The claims by “crude positivists” reveal a lack of rigour that is a threat to rationalism.

By James Fodor

Key points:

  • “Crude positivists” have many shortcomings in their arguments
  • They are prone to “scientism”: the tendency to dismiss the knowledge derived from other disciplines
  • They often make pragmatist claims that science is to be trusted because it “works” when the science can be entirely wrong but result in initiatives that work.

In this essay I wish to address a particular set of opinions that seem to be quite popular among many contemporary atheists, rationalists, and freethinkers. It is not a single specific position, but rather a patchwork of overlapping ideas and perspectives sharing a more-or-less constant core.

Being somewhat amorphous, the position of which I am speaking does not really have a distinct name. For the purposes of this essay, however, I shall refer to this constellation of views as “crude positivism”.

“Positivism” is a complex and controversial philosophical perspective, which, broadly speaking, is characterised by a strong respect for science and empirical enquiry, and an opposition to truth claims based on metaphysical speculation, faith, or authority.

My purpose here is not to attack positivism itself, but rather the relatively crude form of it that is popularised, to varying degrees, by figures such as Richard Dawkins, Sam Harris, Peter Boghossian, Neil de Grasse Tyson, Lawrence Krauss, and Stephen Hawking. While once again emphasising that I am describing a family of related and overlapping viewpoints, rather than a single well-defined doctrine, three of the key most commonly-encountered components of this “crude positivism” are the following:

(1)          Strict evidentialism: the ultimate arbiter of knowledge is evidence, which should determine our beliefs in a fundamental and straightforward way; namely that we believe things if and only if there is sufficient evidence for them.

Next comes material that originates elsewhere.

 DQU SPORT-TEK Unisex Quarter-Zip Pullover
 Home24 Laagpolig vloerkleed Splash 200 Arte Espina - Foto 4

(2)          Narrow scientism: the highest, or perhaps only, legitimate form of objective knowledge is that produced by the natural sciences. The social sciences, along with non-scientific pursuits, either do not produce real knowledge, or only knowledge of a distinctly inferior sort.

(3)          Pragmatism: science owes its special status to its unique ability to deliver concrete, practical results: it “works”. Philosophy, religion, and other such fields to inquiry do not produce “results” in this same way, and thus have no special status.

My goal in this piece will be to challenge these three claims. In particular, I will argue that the crude positivism typified by these three views presents an overly narrow conception of knowledge, and represents an ultimately fragile basis upon which to ground challenges to superstition, pseudoscience, and other forms of irrationality.

My key contention is that we need to move beyond such crude positivism in order to have a stronger intellectual underpinning for the atheistic/rationalist/freethought movements.

A final note on style: when I use the phrase “crude positivists” I don’t mean to imply a well-defined group of people. I just use it as shorthand to refer to those who, to varying degrees, hold to one or more of the three positions outlined above.

Strict evidentialism

Crude positivists insist that all beliefs, or at least all beliefs concerning anything of importance, ought to be based upon appropriate evidence.

While I agree with this as an abstract principle, I have concerns about the manner in which crude positivists typically interpret and apply this maxim in practice.

The trouble is that, when challenged, nearly everyone will be able to provide some sort of justification for their beliefs, something that they regard to be “evidence”. To consider a specific example, the evangelical Christian may claim to know that God works in the lives of believers because they have seen it happen with their own eyes, and experienced it personally in their own lives.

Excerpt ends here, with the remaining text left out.